The film centers on Maya, who is a rookie field agent at the beginning. As the film progresses in leaps, sometimes skipping years at a time, Maya becomes tougher and tougher. The transformation of the lead character is very noticeable. But this movie is not about character development. Zero Dark Thirty is a modern spy film. This is what cold war spy thrillers have evolved into: gritty, realistic and no-holds-barred. Be warned, this is not for the faint of heart. Scenes of torture and violence are plentiful. Exaggeration is minimal in this movie: the soundtrack is minimal, the special effects are compact and the dialogue is cliché-free.

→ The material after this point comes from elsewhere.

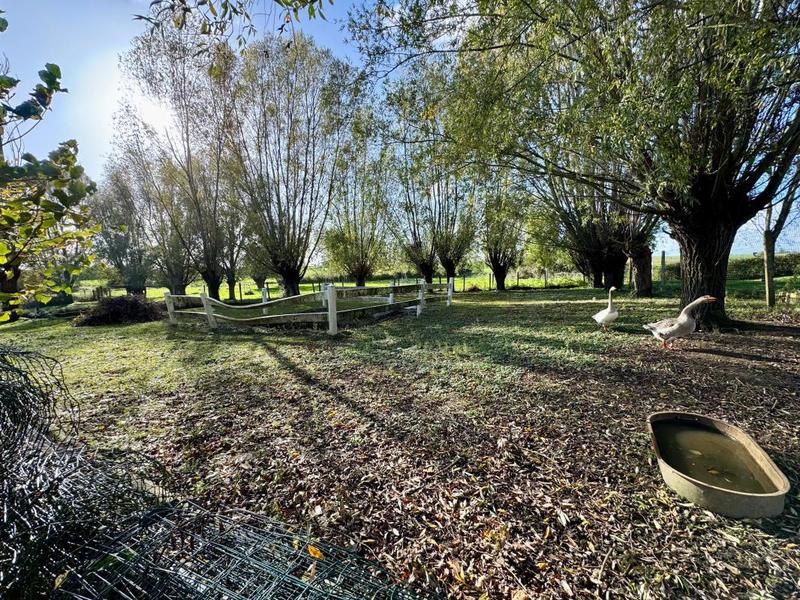 Maison - 172 m² - 5 pièces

The story unravels in deliberately a slow fashion, much like the cautious opening of confidential intelligence dossiers. The characters are grounded in reality; they never seem larger than life. As the hunt for Bin Laden (“UBL” in CIA lingo) intensifies, stifles and finally escalates, Maya’s obsession consumes you.
The fateful night time raid in Abottabad is portrayed masterfully. From the helicopter crash to the nervous crowd control, the whole operation is one breathless joyride. Silence is used as a very powerful sound effect in Zero Dark Thirty: the lack of background music sets a foreboding mood.
Watch Zero Dark Thirty. You will not be disappointed. You will get a glimpse at the complexities of our reality: the politics, the madness and the sheer incredulity of the world we live in. Argo may have won Best Picture at the Oscars, but it would not have been wasted on Zero Dark Thirty either.